What the EU is signaling by accepting OpenAI’s offer while still negotiating with Anthropic: the willingness of a frontier lab to engage with regulators is itself a meaningful factor in regulatory standing. OpenAI gets credit for being available. Anthropic faces ongoing pressure to either match the offer or articulate publicly why their position holds. The political asymmetry is real.
For other regulatory blocs — UK, India, Japan, Australia — the precedent set by the OpenAI EU deal will shape what they ask for next.
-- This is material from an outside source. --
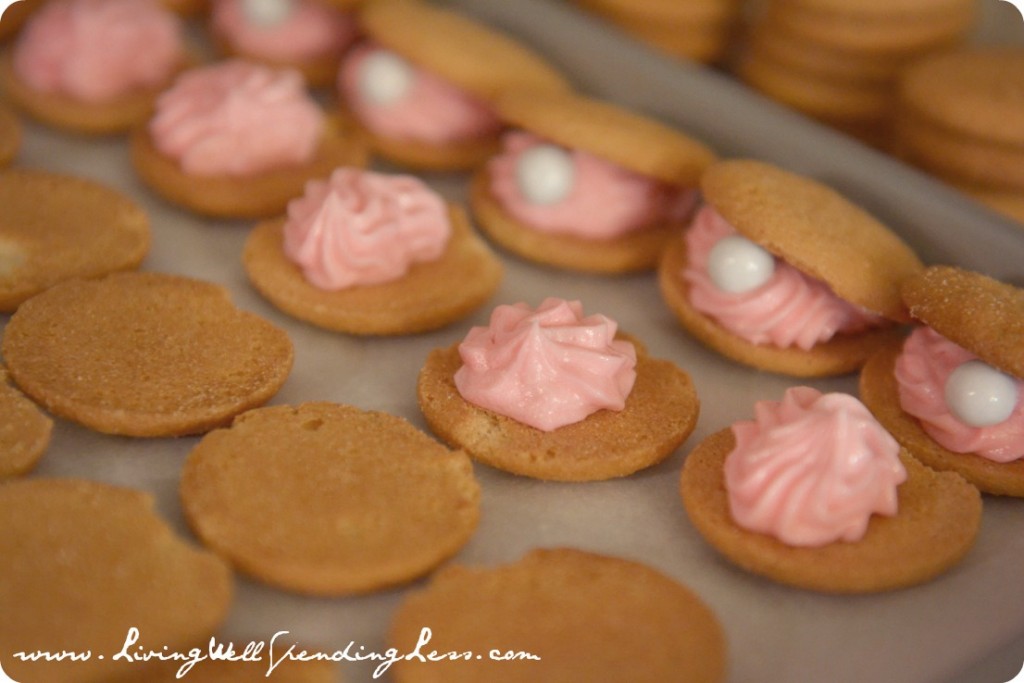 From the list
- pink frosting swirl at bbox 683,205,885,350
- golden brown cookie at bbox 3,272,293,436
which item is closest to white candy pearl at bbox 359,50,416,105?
golden brown cookie at bbox 3,272,293,436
Expect parallel access requests from at least three major non-US jurisdictions in the second half of 2026.
What This Changes for Cybersecurity Buyers
For enterprise cybersecurity teams, the practical implication depends on jurisdiction.
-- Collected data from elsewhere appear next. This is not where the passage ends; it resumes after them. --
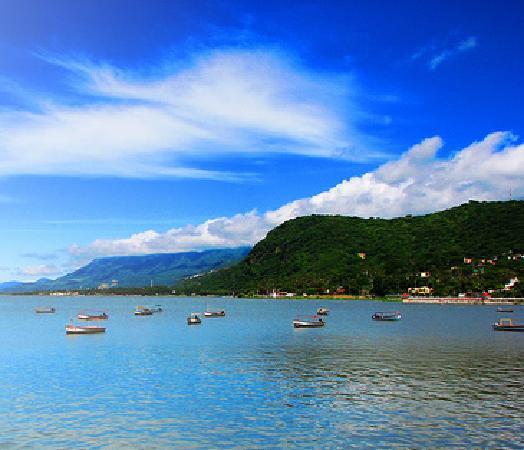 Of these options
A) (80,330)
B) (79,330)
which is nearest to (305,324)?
(80,330)

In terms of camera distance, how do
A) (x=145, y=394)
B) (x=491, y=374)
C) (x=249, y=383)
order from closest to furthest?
(x=145, y=394) < (x=249, y=383) < (x=491, y=374)

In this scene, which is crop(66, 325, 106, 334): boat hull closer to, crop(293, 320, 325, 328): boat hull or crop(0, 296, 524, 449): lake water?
crop(0, 296, 524, 449): lake water

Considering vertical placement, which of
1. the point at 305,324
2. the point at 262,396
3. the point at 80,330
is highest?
the point at 80,330

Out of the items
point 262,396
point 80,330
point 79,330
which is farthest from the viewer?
point 80,330

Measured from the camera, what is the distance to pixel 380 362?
74.2m

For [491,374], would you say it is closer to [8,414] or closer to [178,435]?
[178,435]

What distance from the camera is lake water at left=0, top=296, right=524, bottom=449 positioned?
125ft

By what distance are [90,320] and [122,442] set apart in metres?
150

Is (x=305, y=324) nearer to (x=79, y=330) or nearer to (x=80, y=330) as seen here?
(x=80, y=330)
European buyers gain access to GPT-5.5-Cyber as a defensive tool through the EU institutional framework. Expect indirect access through partnerships with EU AI Office programs, through national CERTs, and through European cybersecurity vendors that integrate the model. The path to GPT-5.5-Cyber for a European security buyer goes through institutional intermediaries rather than direct API access.
US buyers can access GPT-5.5-Cyber directly through OpenAI’s tiered enterprise programs and indirectly through Project Glasswing-style arrangements with Anthropic. The access posture is more flexible but the regulatory framing is less developed.
Skip the topic if your cybersecurity work does not involve actively searching for vulnerabilities. Cyber-capable models are tools for offensive-security teams (red team, threat intel, vulnerability research) and for the defensive teams that respond to what red teams find. For most enterprise security work — security operations, incident response, identity management — the standard frontier models without cyber specialization are sufficient.
FAQ
What is GPT-5.5-Cyber?
A cybersecurity-specialized variant of OpenAI’s GPT-5.5 frontier model, designed to assist with defensive cyber work including vulnerability research and threat intelligence. Released under tiered access controls — vetted cybersecurity teams first, then institutional users including the EU AI Office.
Why is Anthropic not giving the EU access to Mythos?
Anthropic has limited Mythos access to approximately 40 organizations under Project Glasswing, selected for their operational capability to use the model’s findings safely. The EU has had multiple meetings with Anthropic but discussions are not at the same stage as the OpenAI arrangement. Anthropic considers full public release too risky because of the scale of cyberattacks the model could enable.
What is Project Glasswing?
Anthropic’s controlled-access program for Mythos. Includes roughly 40 organizations such as Apple, Amazon, JPMorgan Chase, and Palo Alto Networks. The program tests defensive use of the model in production-scale environments without broader public access.
Are these models dangerous?
Both GPT-5.5-Cyber and Mythos can perform offensive-security work at a scale that would be difficult without them. The labs’ position is that defensive use by vetted organizations is net positive; the risk is that the access controls fail. Mythos in particular has been reported to find thousands of zero-day vulnerabilities in testing.
Will other countries get similar access?
Likely. The OpenAI EU deal is the first major precedent for cyber-model access by a non-US regulatory bloc. Expect parallel requests from the UK, India, Japan, and Australia in the second half of 2026.
How does this affect normal enterprise cybersecurity?
For most enterprise security work, the standard frontier models without cyber specialization remain sufficient. The cyber-capable variants are tools for offensive-security teams and the defensive teams that respond to their findings. Buyers outside that specific use case do not need access to GPT-5.5-Cyber or Mythos.